Re: [RFC PATCH 6/6] tracing: use sched-RCU instead of SRCU for rcuidle tracepoints

[Date Prev][Date Next][Thread Prev][Thread Next][Date Index][Thread Index]

 



----- On Oct 26, 2020, at 4:44 PM, rostedt rostedt@xxxxxxxxxxx wrote:

> On Mon, 26 Oct 2020 10:28:07 -0400 (EDT)
> Mathieu Desnoyers <mathieu.desnoyers@xxxxxxxxxxxx> wrote:
> 
>> I agree with Peter. Removing the trace_.*_rcuidle weirdness from the tracepoint
>> API and fixing all callers to ensure they trace from a context where RCU is
>> watching would simplify instrumentation of the Linux kernel, thus making it
>> harder
>> for subtle bugs to hide and be unearthed only when tracing is enabled. This is
> 
> Note, the lockdep RCU checking of a tracepoint is outside of it being
> enabled or disable. So if a non rcuidle() tracepoint is in a location that
> RCU is not watching, it will complain loudly, even if you don't enable that
> tracepoint.
> 
>> AFAIU the general approach Thomas Gleixner has been aiming for recently, and I
>> think it is a good thing.
>> 
>> So if we consider this our target, and that the current state of things is that
>> we need to have RCU watching around callback invocation, then removing the
>> dependency on SRCU seems like an overall simplification which does not regress
>> feature-wise nor speed-wise compared with what we have upstream today. The next
>> steps would then be to audit all rcuidle tracepoints and make sure the context
>> where they are placed has RCU watching already, so we can remove the tracepoint
> 
> Just remove the _rcuidle() from them, and lockdep will complain if they are
> being called without RCU watching.

That's the easy part. The patch removing rcuidle is attached to this email,
and here are the splats I get just when booting the machine (see below). The
part which takes more time is fixing those splats and figuring out how to
restructure the code. For instance, what should we do about the rcuidle
tracepoint within printk() ?

Also, how do we test rcuidle tracepoints triggered only when printk is called
from printk warnings ? We'd also need to test on arm32 boards, because some arm
architecture code uses rcuidle tracepoints as well.
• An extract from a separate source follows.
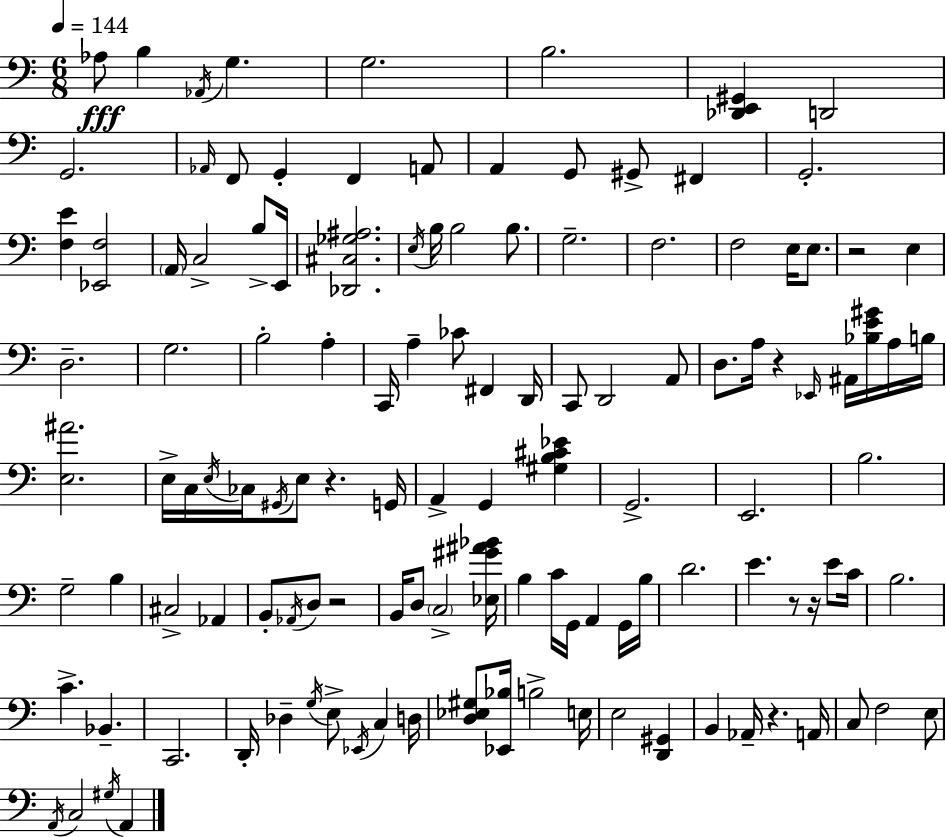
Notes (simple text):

As this is beyond the scope of this patch set, I can either drop this patch
entirely (it's not required for sleepable tracepoints), or keep it as an
intermediate cleanup step. Removing rcuidle tracepoints entirely is beyond
the effort Michael and I can undertake now.
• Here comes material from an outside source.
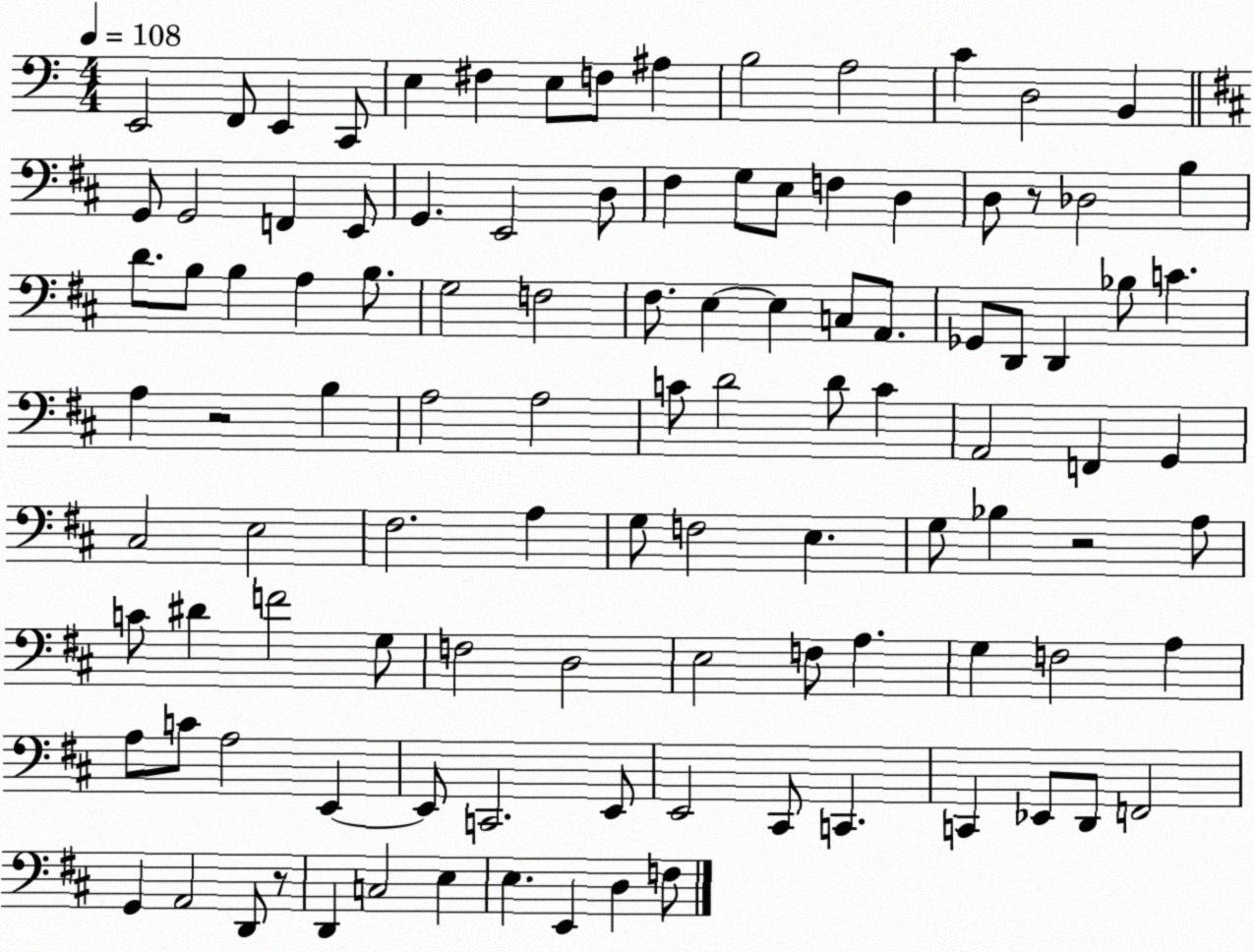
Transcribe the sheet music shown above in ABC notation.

=============================
WARNING: suspicious RCU usage

5.9.1+ #72 Not tainted
-----------------------------
=============================
./include/trace/events/preemptirq.h:42 suspicious rcu_dereference_check() usage!
WARNING: suspicious RCU usage

other info that might help us debug this:


rcu_scheduler_active = 1, debug_locks = 1
5.9.1+ #72 Not tainted
RCU used illegally from extended quiescent state!
no locks held by swapper/0/0.
-----------------------------
./include/trace/events/preemptirq.h:38 suspicious rcu_dereference_check() usage!

stack backtrace:
CPU: 0 PID: 0 Comm: swapper/0 Not tainted 5.9.1+ #72

other info that might help us debug this:


rcu_scheduler_active = 1, debug_locks = 1
Hardware name: QEMU Standard PC (i440FX + PIIX, 1996), BIOS Bochs 01/01/2011
Call Trace:
RCU used illegally from extended quiescent state!
no locks held by swapper/1/0.
 dump_stack+0x8d/0xbb

stack backtrace:
 ? default_idle+0xa/0x20
 trace_hardirqs_on+0xed/0xf0
 default_idle+0xa/0x20
 default_idle_call+0x4f/0x1e0
 do_idle+0x1ef/0x2c0
 cpu_startup_entry+0x19/0x20
 start_kernel+0x578/0x59d
 secondary_startup_64+0xa4/0xb0
CPU: 1 PID: 0 Comm: swapper/1 Not tainted 5.9.1+ #72

=============================
WARNING: suspicious RCU usage
5.9.1+ #72 Not tainted
-----------------------------
./include/trace/events/lock.h:37 suspicious rcu_dereference_check() usage!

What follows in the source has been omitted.